RFR: 2065: Update PR labels when new files are touched [v4]

Fri Aug 29 13:45:46 UTC 2025

On Thu, 28 Aug 2025 23:04:05 GMT, Zhao Song <zsong at openjdk.org> wrote:

>> This patch is trying to make the pr bot be able to update PR labels when new files are touched.
>> The main idea is from Erik. For a new PR, the bot will run a labelerWorkItem to auto label the PR first, and the commit hash will be stored in a comment.
>> 
>> With this patch, here are some new behaviors of the bot:
>> (1) The user didn't issue manual label command before auto labeling, LabelerWorkItem will do the initial auto labeling and store the commit hash in the comment. 
>> (2) If the user issued manual label command before auto labeling, the initial auto labeling will be skipped, the bot would still post a comment and store the hash in the comment.
>> (3) The user pushes a new commit or few commits to a pr that already auto labeled, the bot will evaluate the diff between stored hash and current head, then add new labels or upgrading labels to group labels, in the end, update the stored hash in the comment.
>> (4) The user force pushes to the pr that already auto labeled, the bot will evaluate the diff between baseHash and current head.
>> (5) The user issues a command to add a label to the pr(or even the user add the label via the forge UI), the bot will check if the labels can be upgraded to group labels.
>> 
>> The side effect of this feature I can imagine is that a user thinks a file is not related to a component and removed it manually, but later, every time when he touches the file, the label will be added back.
>
> Zhao Song has updated the pull request incrementally with one additional commit since the last revision:
> 
>   review comment

What Magnus said got me thinking. Since we are now redoing auto labeling every time the code changes, I think the concept of having the bot class track which PRs have been auto labeled doesn't make much sense. A PR is either up to date with the labeler, or it isn't. There shouldn't be anything special about the first run really. In CheckRun, to check if the PR has been auto labeled or not, it can check for the existence of an auto label comment. In LabelerWorkItem, I think the code paths could be more unified to make it clear that there isn't a big difference.

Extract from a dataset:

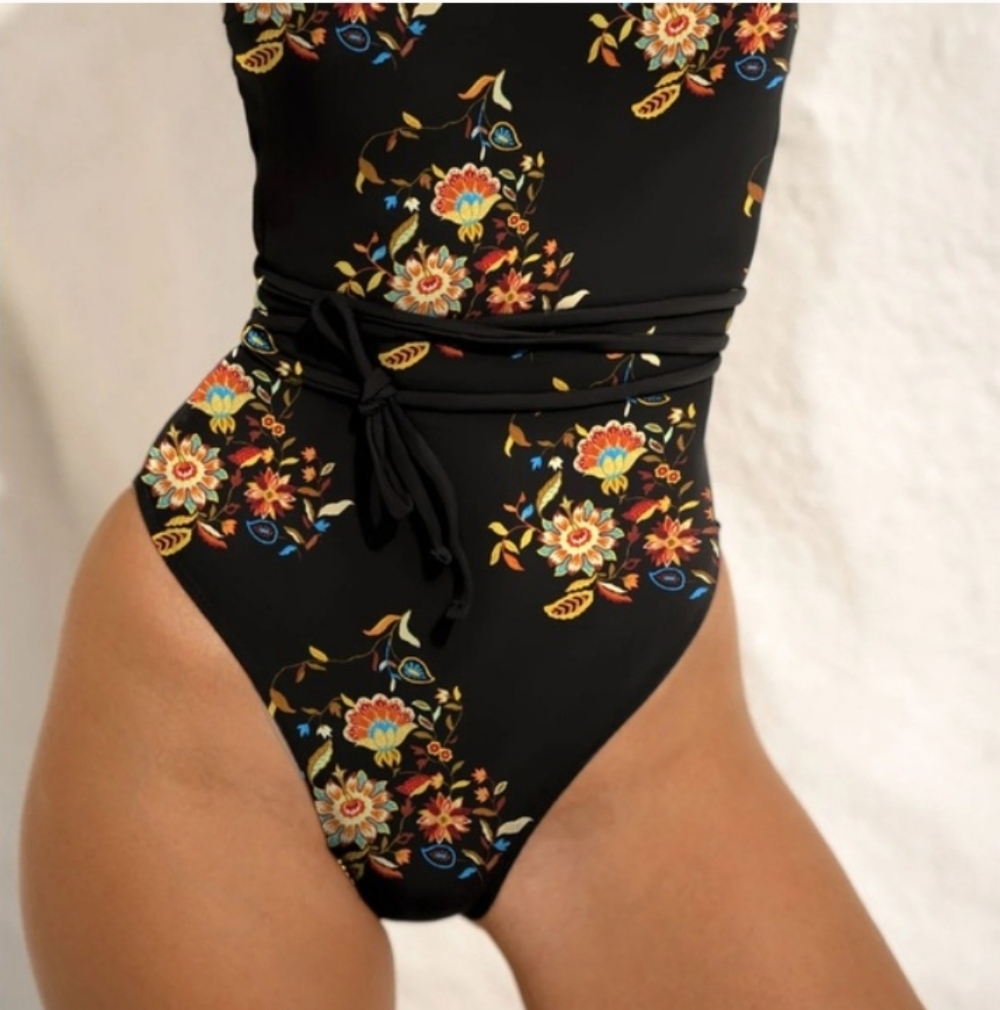 Berlook Floral Cross Back One Piece Swimsuit - Picture 8 of 9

I'm thinking that when running the LabelerWorkItem again, due to a new commit, if nothing new is found, we just silently update the commit hash in the existing (last) auto label comment. If however we find that a new label needs to be added, we may want to create a new comment to make it clearer that a new action was taken, without erasing/hiding the history of the previous comment. That would make it easier to incorporate the kind of messaging Magnus is asking for.

For the case of running LabelerWorkItem after executing a LabelCommand, just to collapse groups, I'm starting to think that it would be better to just have the LabelCommand automatically collapse groups for you. The implementation might be shared, but by having it happen through the LabelCommand, we don't need to worry about updating the auto label comments, or racing against bot restarts. In that case the LabelCommand reply would include a message of combining the groups.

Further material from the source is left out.